Eine Abschaltung der Atomreaktoren in Biblis könnte sich mittelfristig positiv auf das Ergebnis des Energiekonzerns RWE auswirken. Ein RWE-Sprecher bestätigte entsprechenden Bericht des Nachrichtenmagazins Der Spiegel.

Voraussetzung hierfür sei aber, dass der Strompreis steige, fügte der Sprecher hinzu. Das Nachrichtenmagazin berief sich auf ein im Sommer 2010 erstelltes Szenario. Demnach würde ein Abschalten der Meiler die Strommenge verknappen und den Strompreis steigen lassen. Davon würden die nur teilweise ausgelasteten Kohlekraftwerke des Konzerns profitieren.

Die Zusatzgewinne dort könnten laut RWE-Szenario die Ausfälle in Biblis mittelfristig deutlich übersteigen, zumal der Bund durch die Brennelementesteuer Teile des Atomgewinns abschöpfe, schrieb das Magazin. Der RWE-Sprecher sagte, mittelfristig sei ein solcher Effekt zwar denkbar. Es sei aber unklar, ob die Strompreise tatsächlich entsprechend steigen. Es sei ebenfalls denkbar, dass die durch den Ausstieg fehlenden Strommengen durch Importe aus dem Ausland ausgeglichen würden.

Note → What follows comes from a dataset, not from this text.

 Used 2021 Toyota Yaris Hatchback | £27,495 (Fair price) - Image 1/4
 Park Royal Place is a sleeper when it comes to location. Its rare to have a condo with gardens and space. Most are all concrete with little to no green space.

Das Szenario wurde laut Spiegel auch dem Aufsichtsrat zugeleitet. Die Kontrolleure wollen RWE-Vorstandschef Jürgen Großmann auf einer Sitzung am Dienstag zu seinen Plänen befragen. Am Mittwoch findet die RWE-Hauptversammlung statt.

Dennoch hält RWE an seinen Prognosen fest. Es sei klar, dass der Konzern durch das Moratorium der Bundesregierung kurzfristig Verluste in dreistelliger Millionenhöhe zu verkraften habe. Am Freitag bestätigte Konzernchef Jürgen Großmann entsprechende Analystenschätzungen. RWE habe den Strom aus den nun abgeschalteten Biblis-Blöcken bereits auf Termin verkauft und müsse ihn nun zu höheren Preisen am Markt zurückkaufen, sagte Großmann der Börsen-Zeitung.

Verschobene Ziele

RWE hatte Ende März Klage gegen die Abschaltung seines hessischen AKW Biblis A eingereicht. Die Bundesregierung will im Juni entscheiden, wie es mit den Meilern weitergeht. Sollten die alten Anlagen vom Netz bleiben, müssten die Betreiber für diese weder Brennelementesteuer zahlen noch in teure Nachrüstungen investieren.

Die erst im Februar gesenkten Ergebnisziele hatte RWE erneut infrage gestellt. Wegen des Atomunglücks in Fukushima und des Atommoratoriums in Deutschland hätten sich die "Berechnungsgrundlagen und die Gewichtungen in der Branche verschoben", sagte Großmann. "Die Mittelfristziele werden auf den Prüfstand gestellt." Bislang ging der Essener Dax-Konzern davon aus, dass das Betriebsergebnis bis 2013 um gut ein Drittel im Vergleich zu 2010 sinken wird. Das bereinigte, sogenannte nachhaltige Nettoergebnis prognostizierte RWE für 2013 um fast 50 Prozent unter dem derzeitigen Niveau. Dabei sind auch Verkäufe vorgesehen.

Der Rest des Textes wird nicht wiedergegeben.